The final clause in this subsection is applicable to the case of one participating in any election or plebiscite to determine the sovereignty over foreign territory, whether such plebiscite is held under the terms of a treaty between two or more states or an arbitral award. If this provision had been in effect when the Saar plebiscite was held, Americans voting in it would have been expatriated.
This comment indicates clearly a distinction between the two clauses of subdivision (e). It indicates that the comma appearing after the word "state" in part I was placed there erroneously and is correctly omitted in part II and in the act. It indicates finally that the rule of ejusdem generis does not apply.
We conclude that the appellant by voting for an alderman in Hamilton, Ontario, has expatriated himself by "voting in a political election in a foreign state" within the meaning of section 401 (e) of the Nationality Act of 1940.
FINDINGS OF FACT: Upon the basis of all the evidence adduced at the hearing, it is found:
(1) That appellant was born in the United States;
(2) That appellant has resided in Canada;
(3) That appellant seeks admission as a United States citizen without any consular or immigration documents;
(4) That appellant voted in an election of an alderman in Hamilton, Ontario, in November 1941.
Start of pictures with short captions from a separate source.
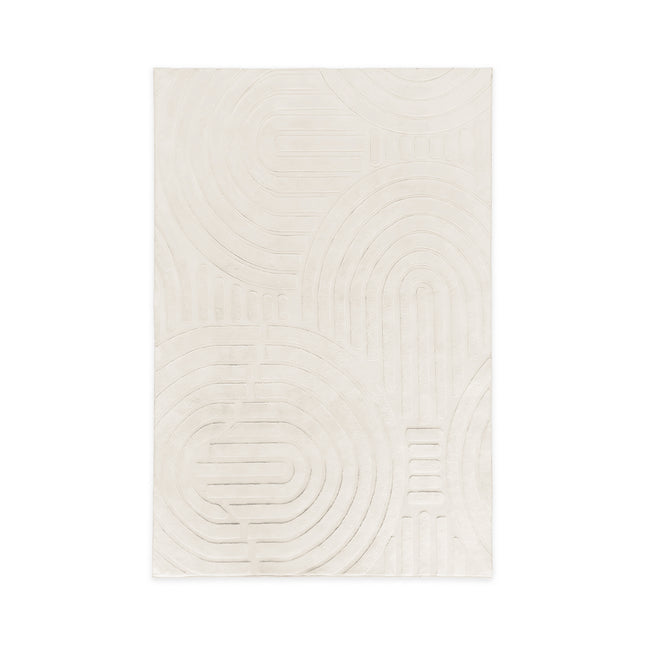 Vloerkleed Japandi gebroken wit 200x300cm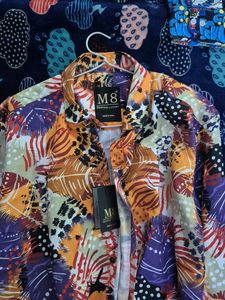 M8 Abstract Print Shirt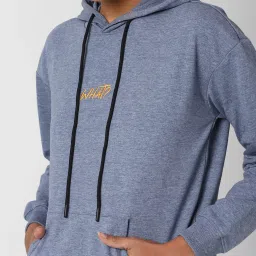 Forever 21 Blue Textured Sweatshirt image 5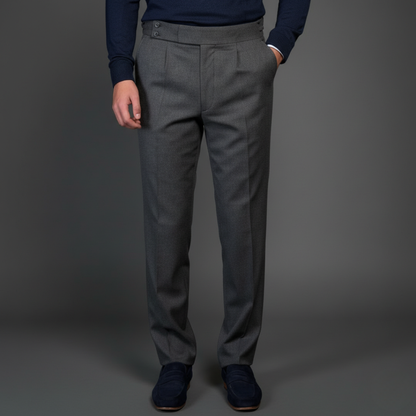 Grey Trousers Tailored Fit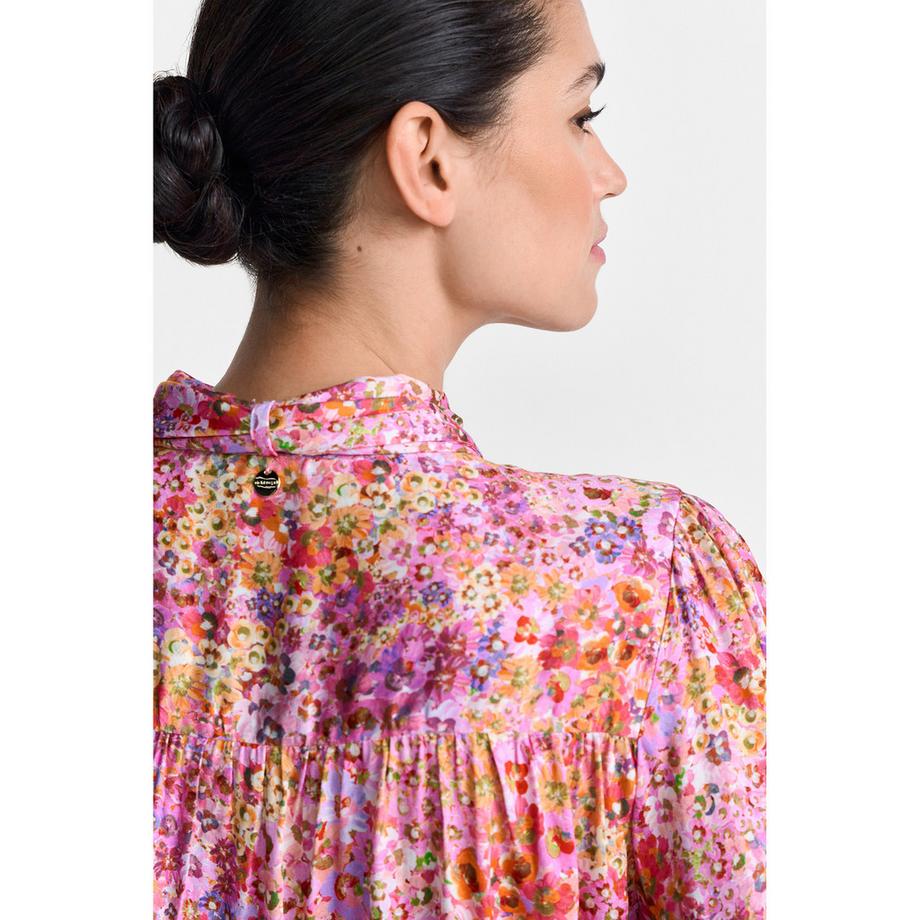 Rich & Royal Camicetta con Stampa Floreale e Colletto a Fiocco  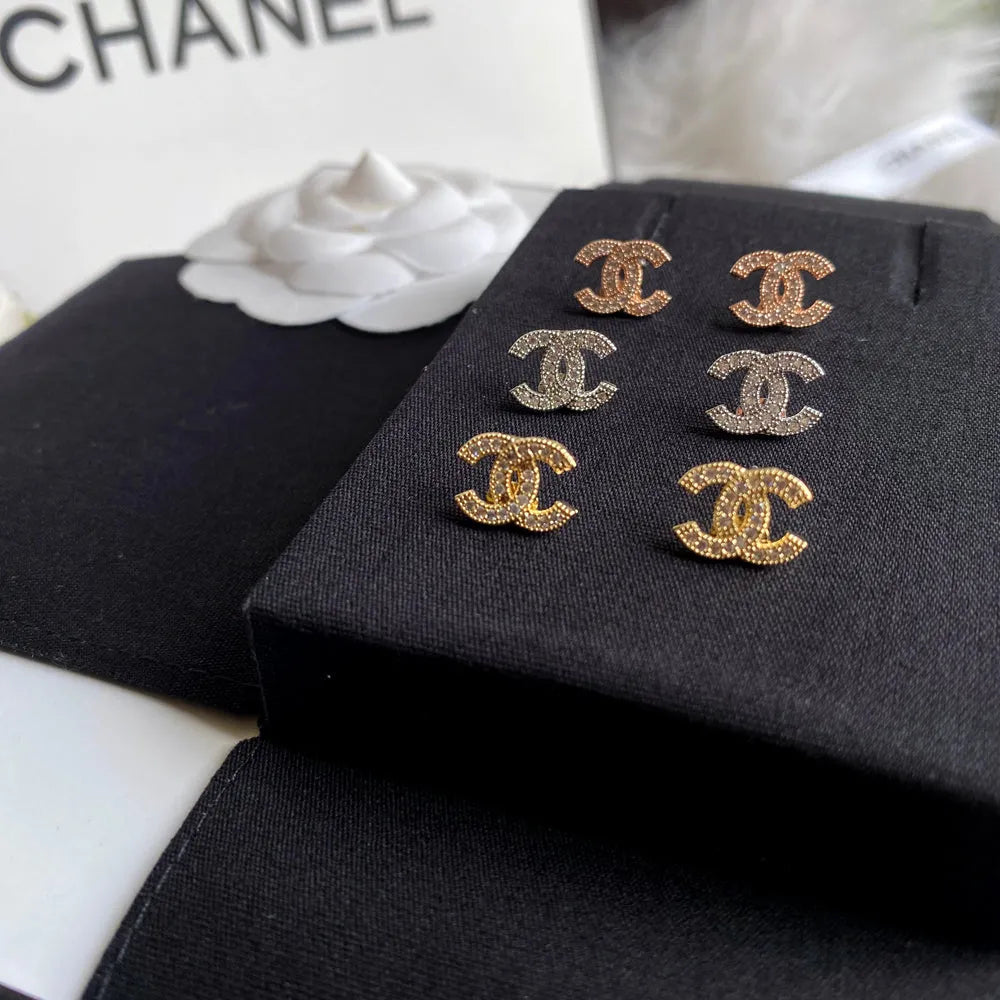 Fashion Mini Diamond Earrings
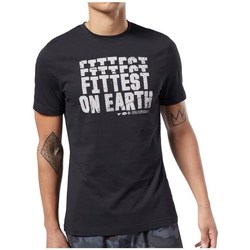 Vêtements Homme T-shirts manches courtes Reebok Sport Crossfit Fittest ON Earth Tee Noir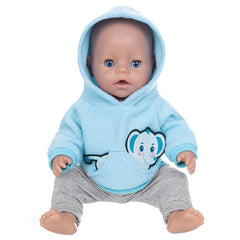 Elephant Doll Clothes for 43Cm Dolls Hoodie Pants Kids Gift
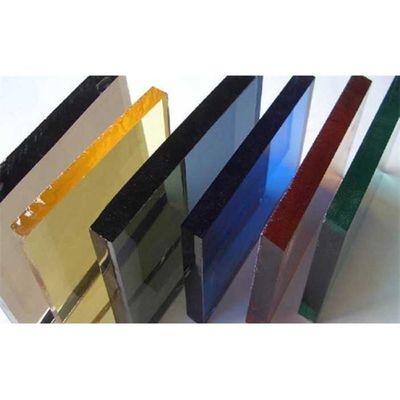 어두운 회색 흑색 색조 플로트 글래스 4mm 3300*2140 3300*2250 laminated CE Certificate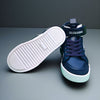 D&G Navy Blue High Ankle Shoes SH7054A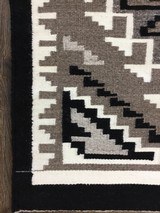 Authentic Navajo Two Grey Hills Rug - 3 of 8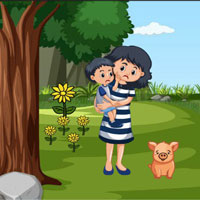 Free online html5 games - Mom Reach Little Girl game 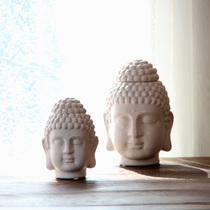 Qian Mu Enn Buddha head ceramic aromatherapy ornaments Buddha storage tank IKEA decoration ornaments Buddha decoration products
CONCLUSIONS OF LAW: Upon the basis of the foregoing findings of fact, it is concluded:
(1) That under section 401 (e) of the Nationality Act of 1940, the appellant has lost his United States nationality by voting in a political election in a foreign state;
(2) That under section 13 of the act of 1924, the appellant is not inadmissible as an immigrant not in possession of an immigration visa;
(3) That under section 30 of the Alien Registration Act of 1940 the appellant is inadmissible as not in possession of a visa, reentry permit, or border-crossing card;
(4) That under Executive Order 8766 of June 3, 1941, appellant is inadmissible as not in possession of a passport.
OTHER FACTORS: Appellant is a widower with two children. He has been an automobile dealer in Hamilton, Ontario, Canada, and owns property there. On his proposed visit to the United States he will inquire as to employment opportunities in this country and may later wish to return to the United States for permanent residence.
He voted also in the Dominion plebiscite on April 27, 1942. In our disposition of this case it is unnecessary to consider whether that was an election within section 401 (e).
ORDER: It is ordered that the excluding decision be affirmed.
It is further ordered, That appellant may reapply for admission within 1 year.